Primary Outcome Measures:
Secondary Outcome Measures:
- Operative time [ Time Frame: At operation ]
Record of operative surgical time in each type of operation
- Change of palpebral fissure height, MRD1 and MRD2 [ Time Frame: Baseline to 6 months ]
Difference in palpebral fissure height, MRD1 and MRD2 between baseline and each post-operative visit.
- Incidence of ptosis [ Time Frame: baseline to 6 months ]
Incidence of clinically significant ptosis, defined as upper eyelid drooping of more than 2 mm.
This study will evaluate patients who will undergo vitreoretinal surgery at UCSF Medical Center and San Francisco General Hospital.
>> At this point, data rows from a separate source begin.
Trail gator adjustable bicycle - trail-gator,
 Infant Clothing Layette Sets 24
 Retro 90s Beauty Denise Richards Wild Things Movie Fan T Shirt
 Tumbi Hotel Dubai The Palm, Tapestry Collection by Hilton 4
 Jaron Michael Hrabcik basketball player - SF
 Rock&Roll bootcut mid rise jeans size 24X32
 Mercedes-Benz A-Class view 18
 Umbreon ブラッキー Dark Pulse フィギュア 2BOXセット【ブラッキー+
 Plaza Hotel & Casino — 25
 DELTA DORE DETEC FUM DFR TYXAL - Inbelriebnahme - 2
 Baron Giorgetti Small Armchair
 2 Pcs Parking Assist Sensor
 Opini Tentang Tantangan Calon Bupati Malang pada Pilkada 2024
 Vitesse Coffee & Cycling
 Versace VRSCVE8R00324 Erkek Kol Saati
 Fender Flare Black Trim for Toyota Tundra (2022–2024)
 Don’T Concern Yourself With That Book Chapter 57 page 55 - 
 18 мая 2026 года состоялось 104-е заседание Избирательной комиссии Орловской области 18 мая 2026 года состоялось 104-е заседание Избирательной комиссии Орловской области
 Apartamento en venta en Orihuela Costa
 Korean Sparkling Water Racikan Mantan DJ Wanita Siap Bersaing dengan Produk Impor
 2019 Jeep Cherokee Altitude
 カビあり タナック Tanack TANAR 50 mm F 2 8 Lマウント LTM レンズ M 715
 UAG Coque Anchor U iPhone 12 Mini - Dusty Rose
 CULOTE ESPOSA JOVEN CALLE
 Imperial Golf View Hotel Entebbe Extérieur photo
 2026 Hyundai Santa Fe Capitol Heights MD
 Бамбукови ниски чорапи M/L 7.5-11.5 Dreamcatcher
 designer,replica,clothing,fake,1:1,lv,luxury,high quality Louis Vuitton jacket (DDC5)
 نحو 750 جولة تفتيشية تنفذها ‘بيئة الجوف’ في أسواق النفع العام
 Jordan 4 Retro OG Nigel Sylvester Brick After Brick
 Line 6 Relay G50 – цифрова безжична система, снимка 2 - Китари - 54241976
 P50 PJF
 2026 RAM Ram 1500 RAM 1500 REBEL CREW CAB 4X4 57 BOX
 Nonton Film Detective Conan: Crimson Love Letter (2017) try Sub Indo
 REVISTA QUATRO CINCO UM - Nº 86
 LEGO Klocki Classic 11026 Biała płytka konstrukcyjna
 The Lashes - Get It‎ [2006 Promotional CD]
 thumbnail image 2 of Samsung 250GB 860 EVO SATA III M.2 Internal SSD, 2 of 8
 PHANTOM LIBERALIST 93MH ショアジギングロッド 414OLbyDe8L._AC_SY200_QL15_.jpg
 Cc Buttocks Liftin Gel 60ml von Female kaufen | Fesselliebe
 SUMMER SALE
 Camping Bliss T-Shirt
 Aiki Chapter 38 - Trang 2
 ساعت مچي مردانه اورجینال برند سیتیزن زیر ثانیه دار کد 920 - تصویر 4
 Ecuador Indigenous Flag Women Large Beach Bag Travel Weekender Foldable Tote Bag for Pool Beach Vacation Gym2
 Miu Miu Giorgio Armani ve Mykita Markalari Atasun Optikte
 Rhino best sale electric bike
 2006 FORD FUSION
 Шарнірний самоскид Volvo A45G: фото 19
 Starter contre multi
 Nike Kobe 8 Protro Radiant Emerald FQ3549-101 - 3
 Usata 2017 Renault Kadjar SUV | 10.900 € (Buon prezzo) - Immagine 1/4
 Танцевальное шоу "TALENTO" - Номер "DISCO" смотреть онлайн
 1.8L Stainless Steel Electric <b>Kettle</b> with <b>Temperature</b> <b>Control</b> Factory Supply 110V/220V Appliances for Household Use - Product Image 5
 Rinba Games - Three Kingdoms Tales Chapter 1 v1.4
After informed consent has been obtained, the measurement of eyelid parameters such as levator function, palpebral fissure height, upper eyelid crease height, MRD1 and MRD2 will be collected at pre-operative and post-operative follow up visits. External eye photographs taken at each visit will be evaluated by a masked reader who will calculate the eyelid parameters. Dermographic data and intraoperative factors such as operative time and type of procedure will be collected. For statistical analysis, Repeated ANOVA, Paired t-test, Wilcoxon signed rank test, Chi-square test and Pearson's correlation analysis will be calculated with SPSS software.